Foothill Structure Inversion Using Multi-Objective Evolutionary Algorithm
Singh, Vijay Pratap1, Michel Léger1, Marc Schoenauer2 (1) Institut Francais du Petrole, Rueil-Malmaison, France (2) INRIA Futurs, Orsay, France
Constraining unexposed or poorly resolved
subsurface fault and layer geometry from observed data is extremely important
for evaluation of hydrocarbon potential in mountainous regions, and also for
the assessment of seismic hazard. Construction of kinematic models for a
mountain front is generally very complicated, ambiguous and a lengthy process; in
particular it is difficult to come up with a single solution that fits to the
geologic observations.
We are proposing a practical approach which will enable us to
get the true solution and simultaneously automate the simulation process.

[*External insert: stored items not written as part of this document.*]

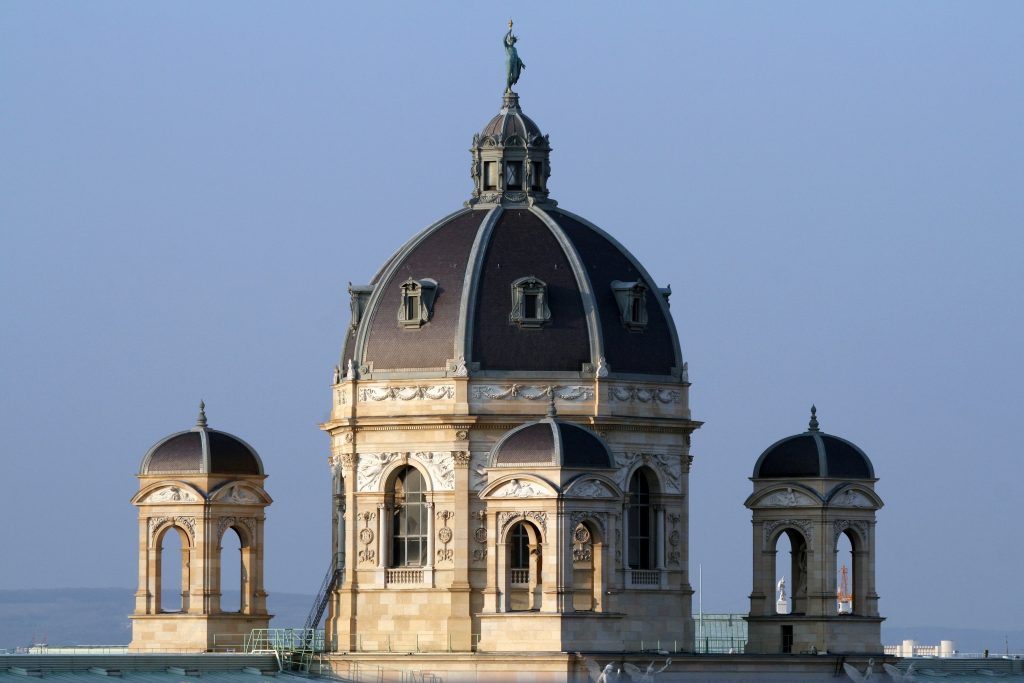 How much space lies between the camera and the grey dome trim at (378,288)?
5719 inches

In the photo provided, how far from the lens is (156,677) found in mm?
132875

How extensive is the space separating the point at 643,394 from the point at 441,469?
341 inches

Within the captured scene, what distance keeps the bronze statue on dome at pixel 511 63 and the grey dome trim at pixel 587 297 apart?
902 cm

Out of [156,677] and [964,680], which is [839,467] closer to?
[964,680]

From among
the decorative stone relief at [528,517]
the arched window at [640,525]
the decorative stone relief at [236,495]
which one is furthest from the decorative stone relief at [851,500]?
the decorative stone relief at [236,495]

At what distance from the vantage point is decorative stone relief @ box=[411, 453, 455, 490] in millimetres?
142375

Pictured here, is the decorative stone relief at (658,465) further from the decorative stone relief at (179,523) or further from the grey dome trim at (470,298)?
the decorative stone relief at (179,523)

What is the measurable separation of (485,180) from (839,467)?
61.2ft

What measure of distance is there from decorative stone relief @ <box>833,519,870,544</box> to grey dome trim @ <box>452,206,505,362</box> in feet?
55.1

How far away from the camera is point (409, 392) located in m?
143

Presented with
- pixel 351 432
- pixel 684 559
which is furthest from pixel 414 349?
pixel 684 559

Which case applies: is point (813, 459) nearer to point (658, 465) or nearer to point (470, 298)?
point (658, 465)

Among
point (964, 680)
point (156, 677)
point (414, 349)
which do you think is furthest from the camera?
point (964, 680)

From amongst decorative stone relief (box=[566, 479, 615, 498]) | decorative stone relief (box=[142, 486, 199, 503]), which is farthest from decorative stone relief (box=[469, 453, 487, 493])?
decorative stone relief (box=[142, 486, 199, 503]) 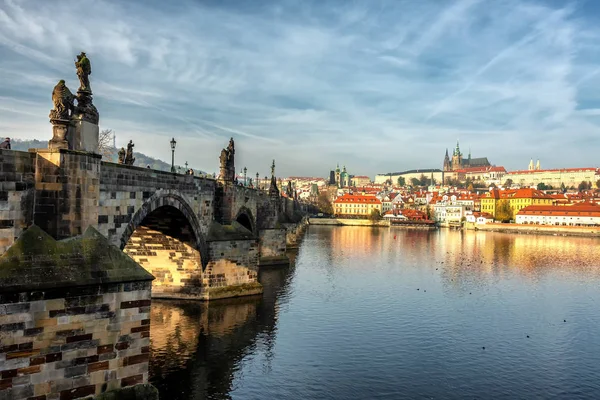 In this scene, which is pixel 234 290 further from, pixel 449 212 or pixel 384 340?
pixel 449 212

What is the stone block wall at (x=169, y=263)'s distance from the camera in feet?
94.3

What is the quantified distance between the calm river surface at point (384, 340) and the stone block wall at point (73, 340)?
4.15m

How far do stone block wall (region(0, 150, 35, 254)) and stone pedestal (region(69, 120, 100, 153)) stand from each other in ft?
4.34

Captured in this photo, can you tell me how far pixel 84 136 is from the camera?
14672 mm

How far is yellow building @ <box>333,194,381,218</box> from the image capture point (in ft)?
527

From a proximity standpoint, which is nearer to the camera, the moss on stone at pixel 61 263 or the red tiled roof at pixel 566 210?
the moss on stone at pixel 61 263

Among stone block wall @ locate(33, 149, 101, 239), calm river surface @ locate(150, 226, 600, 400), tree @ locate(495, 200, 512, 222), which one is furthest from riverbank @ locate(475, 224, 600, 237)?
stone block wall @ locate(33, 149, 101, 239)

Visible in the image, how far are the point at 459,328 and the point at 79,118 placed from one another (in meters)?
22.4

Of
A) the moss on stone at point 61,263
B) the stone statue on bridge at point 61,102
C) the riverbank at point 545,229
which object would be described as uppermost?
the stone statue on bridge at point 61,102

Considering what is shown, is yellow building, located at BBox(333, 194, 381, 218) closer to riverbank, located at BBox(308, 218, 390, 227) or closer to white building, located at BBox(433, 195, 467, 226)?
white building, located at BBox(433, 195, 467, 226)

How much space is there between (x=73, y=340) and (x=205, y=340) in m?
11.0

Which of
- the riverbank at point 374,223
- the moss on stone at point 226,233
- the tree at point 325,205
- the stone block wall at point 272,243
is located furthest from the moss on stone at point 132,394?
the tree at point 325,205

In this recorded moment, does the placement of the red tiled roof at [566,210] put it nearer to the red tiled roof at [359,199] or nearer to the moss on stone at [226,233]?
the red tiled roof at [359,199]

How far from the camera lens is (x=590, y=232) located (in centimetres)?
11312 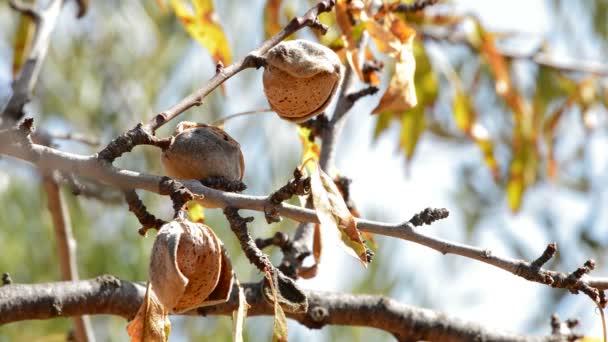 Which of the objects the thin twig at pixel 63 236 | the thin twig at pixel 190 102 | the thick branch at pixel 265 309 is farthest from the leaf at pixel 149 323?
the thin twig at pixel 63 236

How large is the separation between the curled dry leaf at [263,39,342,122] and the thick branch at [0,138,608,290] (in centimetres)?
15

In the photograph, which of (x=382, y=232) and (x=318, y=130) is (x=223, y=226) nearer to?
(x=318, y=130)

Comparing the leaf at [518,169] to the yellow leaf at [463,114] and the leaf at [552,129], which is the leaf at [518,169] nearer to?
the leaf at [552,129]

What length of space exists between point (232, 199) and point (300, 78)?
165mm

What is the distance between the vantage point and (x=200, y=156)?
86cm

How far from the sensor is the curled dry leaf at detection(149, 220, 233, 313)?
707 millimetres

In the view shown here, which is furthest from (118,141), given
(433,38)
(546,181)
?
(546,181)

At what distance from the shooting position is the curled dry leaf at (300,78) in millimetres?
858

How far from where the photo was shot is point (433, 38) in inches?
85.7

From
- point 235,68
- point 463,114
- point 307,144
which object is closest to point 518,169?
point 463,114

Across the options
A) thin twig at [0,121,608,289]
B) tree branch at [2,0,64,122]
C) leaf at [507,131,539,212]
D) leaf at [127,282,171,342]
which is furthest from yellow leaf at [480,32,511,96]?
leaf at [127,282,171,342]

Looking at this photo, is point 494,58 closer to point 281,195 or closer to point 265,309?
point 265,309

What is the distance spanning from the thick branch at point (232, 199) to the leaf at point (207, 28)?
1.55ft

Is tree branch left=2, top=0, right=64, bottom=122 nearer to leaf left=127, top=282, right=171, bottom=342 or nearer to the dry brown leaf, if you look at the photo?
leaf left=127, top=282, right=171, bottom=342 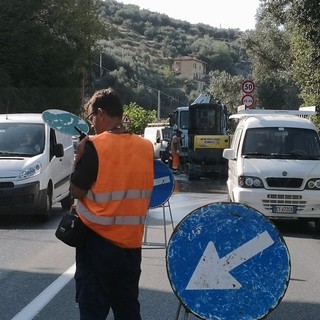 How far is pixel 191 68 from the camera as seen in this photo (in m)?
140

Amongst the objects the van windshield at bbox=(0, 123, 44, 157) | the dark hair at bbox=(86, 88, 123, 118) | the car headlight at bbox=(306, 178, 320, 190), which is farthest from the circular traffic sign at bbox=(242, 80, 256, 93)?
the dark hair at bbox=(86, 88, 123, 118)

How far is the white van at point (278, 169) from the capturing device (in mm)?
12047

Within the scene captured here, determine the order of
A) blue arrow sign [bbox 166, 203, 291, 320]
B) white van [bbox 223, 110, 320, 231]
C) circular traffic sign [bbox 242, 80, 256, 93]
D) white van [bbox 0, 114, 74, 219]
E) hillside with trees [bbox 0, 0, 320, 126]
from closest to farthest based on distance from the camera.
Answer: blue arrow sign [bbox 166, 203, 291, 320], white van [bbox 223, 110, 320, 231], white van [bbox 0, 114, 74, 219], circular traffic sign [bbox 242, 80, 256, 93], hillside with trees [bbox 0, 0, 320, 126]

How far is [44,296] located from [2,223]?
6097mm

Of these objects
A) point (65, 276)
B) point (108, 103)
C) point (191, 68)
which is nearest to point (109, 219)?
point (108, 103)

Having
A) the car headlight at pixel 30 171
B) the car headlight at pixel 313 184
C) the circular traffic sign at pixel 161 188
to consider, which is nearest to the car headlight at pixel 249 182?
the car headlight at pixel 313 184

For
the first time, a multi-objective evolutionary algorithm (MOEA) has been
successfully used for geological optimisation, as far as our knowledge of
literature goes. MOEA ability to search in complex spaces is of utmost use in
these situations. In this approach, populations of kinematic models are
generated randomly and optimised using MOEA on the basis of available
information and field data. The objective functions of MOEA are L2 norms about
the dip of faults and layers, and the fault location. The surface and well data
is used for this inversion.
A set of optimal solutions are obtained in a single run. These
solutions are well matched with the observed data. The combination of higher
order information and the knowledge of an experienced observer will increase
the accuracy of detection by many fold.
Later on, we
will synthesize this geological approach with seismic velocity model optimisation.